Enzyme names usually end in “-ase”, and the prefix may indicate what substrate it is. (ex. protease, amylase, nuclease)
Classes of enzymes
Oxidoreductase Transferase Lyase Hydrolase Isomerase Ligase/Synthetase
Oxidoreductase
catalyze redox reactions (transfers of electrons). Ex: Dehydrogenase.
Transferase
catalyze reactions in which a group of atoms is transferred from one substrate to another. Ex: Kinase.
Lyase
Catalyze reactions in which functional group is added, breaking a double bond (or the reverse). Ex: Aldolase.
Hydrolase
catalyze hydrolysis reactions (break a molecule with addition of water or form a molecule with removal of water). Ex: Lipase.
Isomerase
move atoms around on one molecule so that it changes into a new isomer. Ex: phosphohexoisomerase.
Ligase/Synthetase
catalyze reactions in which two substrates are joined new (new C-C,
C-O, C-S, or C-N bond) and reaction coupled to ATP hydrolysis. Ex: DNA ligase
Binding proteins
proteins have a specific affinity to the molecule that they act on.

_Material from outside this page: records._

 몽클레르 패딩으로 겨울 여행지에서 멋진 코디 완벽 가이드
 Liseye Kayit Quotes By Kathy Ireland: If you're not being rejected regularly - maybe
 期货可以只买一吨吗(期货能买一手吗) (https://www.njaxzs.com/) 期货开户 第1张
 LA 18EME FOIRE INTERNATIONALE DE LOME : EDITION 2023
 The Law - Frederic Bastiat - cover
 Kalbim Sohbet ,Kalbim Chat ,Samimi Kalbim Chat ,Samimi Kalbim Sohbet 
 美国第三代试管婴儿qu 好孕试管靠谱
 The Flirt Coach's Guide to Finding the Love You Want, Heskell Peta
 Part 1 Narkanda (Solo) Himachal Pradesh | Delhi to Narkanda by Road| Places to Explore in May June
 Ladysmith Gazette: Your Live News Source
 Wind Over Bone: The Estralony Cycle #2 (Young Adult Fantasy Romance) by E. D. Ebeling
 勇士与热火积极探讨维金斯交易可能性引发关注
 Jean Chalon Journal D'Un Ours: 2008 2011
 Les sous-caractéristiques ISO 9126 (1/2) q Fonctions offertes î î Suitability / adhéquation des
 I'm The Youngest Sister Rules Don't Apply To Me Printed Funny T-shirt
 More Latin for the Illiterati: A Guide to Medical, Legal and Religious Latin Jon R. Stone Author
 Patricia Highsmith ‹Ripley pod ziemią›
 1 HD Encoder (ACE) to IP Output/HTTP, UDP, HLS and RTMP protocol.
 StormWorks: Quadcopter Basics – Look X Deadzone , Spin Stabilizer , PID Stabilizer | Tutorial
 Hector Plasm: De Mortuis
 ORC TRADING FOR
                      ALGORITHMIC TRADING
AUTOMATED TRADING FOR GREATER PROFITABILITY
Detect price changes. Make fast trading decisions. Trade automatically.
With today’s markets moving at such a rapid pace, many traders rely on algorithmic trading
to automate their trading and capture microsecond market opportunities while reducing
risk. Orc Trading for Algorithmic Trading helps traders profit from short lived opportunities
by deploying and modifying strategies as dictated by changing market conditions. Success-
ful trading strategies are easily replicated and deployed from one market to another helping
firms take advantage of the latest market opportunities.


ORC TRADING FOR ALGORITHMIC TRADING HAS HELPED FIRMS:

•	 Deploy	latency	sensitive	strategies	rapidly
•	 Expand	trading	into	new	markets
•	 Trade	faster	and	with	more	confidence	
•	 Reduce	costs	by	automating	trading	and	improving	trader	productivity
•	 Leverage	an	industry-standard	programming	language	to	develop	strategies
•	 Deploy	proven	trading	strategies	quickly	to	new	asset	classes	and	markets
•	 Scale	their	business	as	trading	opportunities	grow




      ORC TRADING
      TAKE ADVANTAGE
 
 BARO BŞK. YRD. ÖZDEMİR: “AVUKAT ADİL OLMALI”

- Affinity: how strongly the protein is attracted to/interacts with its target molecule.
- Proteins on the surface of the cell membrane bind to specific substances in the external environment to relay a signal to the inside of the cell or to interact with other cells in the environment.
Non-enzymatic proteins
Have many functions, including transportation, regulation, structural, hormonal, and defense.
Immune system proteins
Antibodies are proteins in the immune system that detect foreign substances (antigens) and mark them for destruction.
-Antigen-antibody specificity is crucial.
Motor proteins
Enable movement of the entire cell or certain substances with the cell.
- Myosin in muscles enables them to contract.
- Kinesin and dynein use ATP to move along microtubule filament “tracks” and transport subtance; dynein also involved in cilia and flagella movement.